15th Sunday in Ordinary Time, C Sunday Connection

Sunday Connection

Sunday Connection

Fifteenth Sunday in Ordinary Time, Cycle C

Sunday, July 14, 2019

Readings & Background


This Sunday's Readings


First Reading
Deuteronomy 30:10-14
Moses reminds the people that God's commandments are not remote but are already in their hearts.

Responsorial Psalm
Psalm 69:14,17,30-31,36-37
Turn to the Lord in your need, and you will live.

Second Reading
Colossians 1:15-20
Jesus is the head of the body, the Church.

Gospel Reading
Luke 10:25-37
The parable of the Good Samaritan

Background on the Gospel Reading

As Jesus continues his journey to Jerusalem, he is confronted by a scholar of the law who wants to test him. In the Gospels of Mark and Matthew, Jesus is asked about the greatest commandment. Here, in Luke's Gospel, the lawyer asks what we must do to inherit eternal life. In the other two Gospels, Jesus answers the question by quoting Deuteronomy 6:5, on loving God with all your heart, and Leviticus 19:18, on loving your neighbor. Here Jesus asks the expert to answer this question, “What is written in the law?” The man is caught and responds with Deuteronomy 6:5. This verse is one of the most important prayers in Judaism, and it was said twice a day in Jesus' time. Love of God and love of neighbor are what is required for eternal life. Jesus' response is simple, “Do this and you will live.”

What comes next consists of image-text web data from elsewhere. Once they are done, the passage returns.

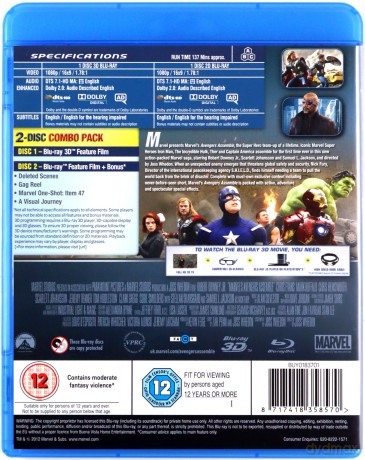 Marvel's Avengers Assemble [Blu-ray 3D]+[Blu-Ray]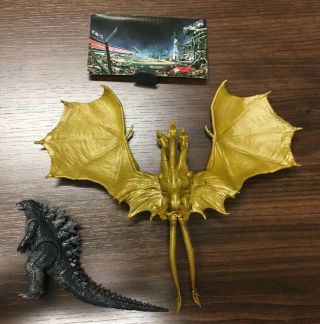 2019 Jakks Pacific Godzilla Vs King Ghidorah 3.  75 " Kotm Diorama (no Box)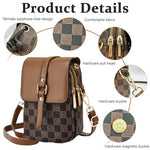 HASTHIP® Bolso bandolera para mujer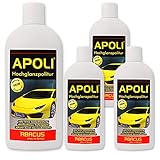 Abacus 4x 500 ml Auto Hochglanzpolitur (7716.4) - Apoli Autopolitur Lackpolitur für Hand- & Maschinenanwendung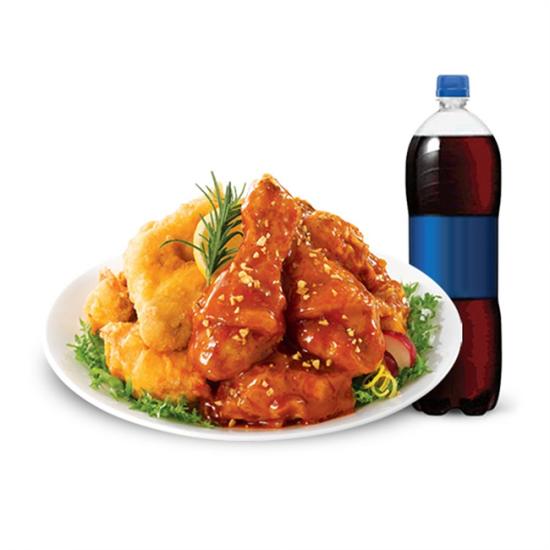처갓집 양념치킨 후라이드반+양념반+콜라1.25L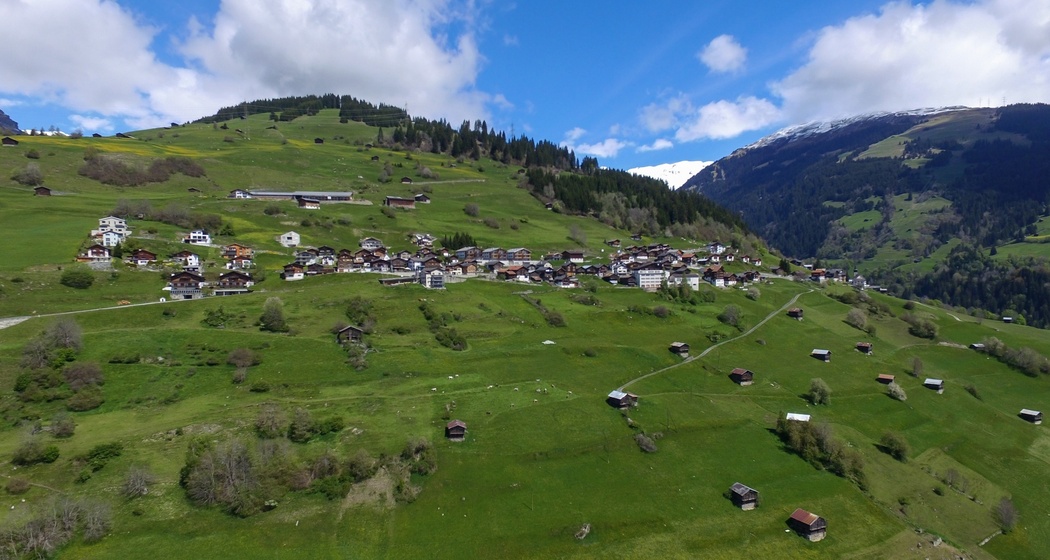 Aussicht von Waltensburg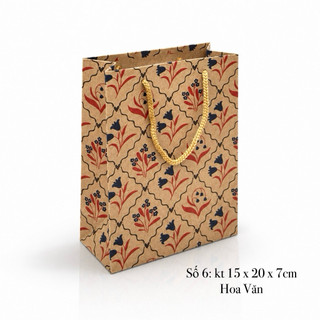 Combo 50c túi giấy đựng quà tặng size 15 x 20 x 7cm. s6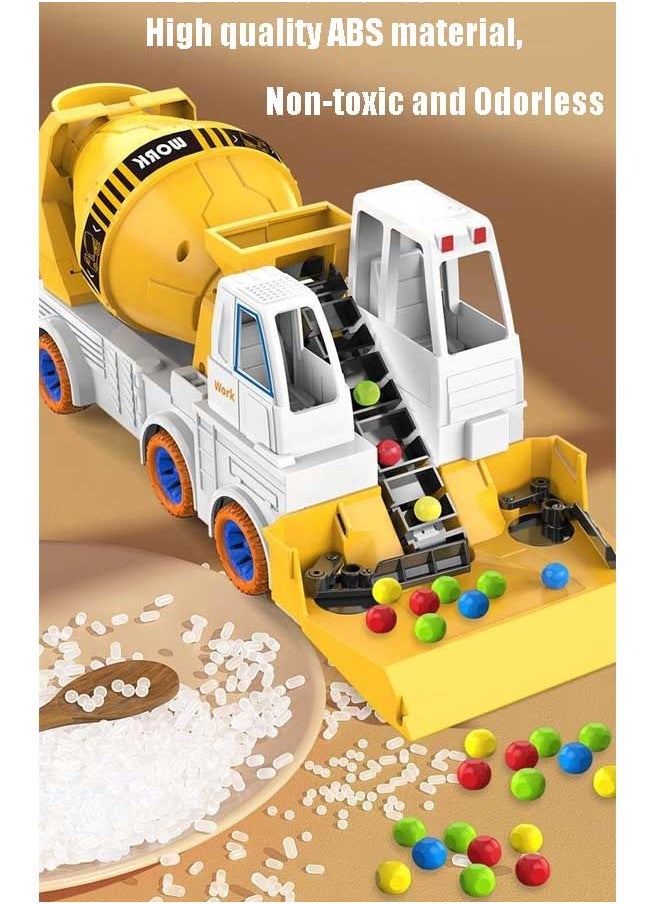 105 Beads Dump Truck Engineering Vehicle, Construction Truck Toys Set, Automatic Lifting Battery-Operated Toy Car (batteries not included), Educational Engineering Toys Gift For Boys Girls(Birthday,Holiday)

Having been shown up by Jesus, the lawyer tries another question: Who is my neighbor whom I must love like myself? In the society of Jesus' time, with its distinctions between Jews and Gentiles, men and women, clean and unclean, this was a trick question. Jesus responds with one of the most beautiful of all the parables, the Good Samaritan. It is found only in Luke's Gospel.

The road from Jerusalem to Jericho descends 3,300 feet in just 17 miles. Its narrow passes and rocky terrain made it an easy place for bandits to wait for travelers. The traveler in this parable is identified only as “a certain man.” Luke uses this phrase in many of his parables so that the audience, Jew or Gentile, could identify with the man. After the attack, the man is left for dead, naked and bleeding on the side of the road. A priest comes along, but rather than helping, as one might expect, he moves to the other side of the road. Another religious person comes along, a Levite who assists in the Temple. His reaction is the same as the priest's. Both of them choose to not even find out if the man is alive. A third person comes along. The listeners would probably expect him to be an Israelite. This would make the parable a criticism of the religious leadership. Instead he is a Samaritan, an Israelite's most hated neighbor. Samaritans were descendents of Jews from the northern part of the country, who had intermarried with Gentiles and did not worship in Jerusalem. The Samaritan not only goes over to the injured man but cleans his wounds, puts him on his own animal, takes him to an inn to recover, and promises to pay all his expenses. The hated enemy is the compassionate neighbor in this parable.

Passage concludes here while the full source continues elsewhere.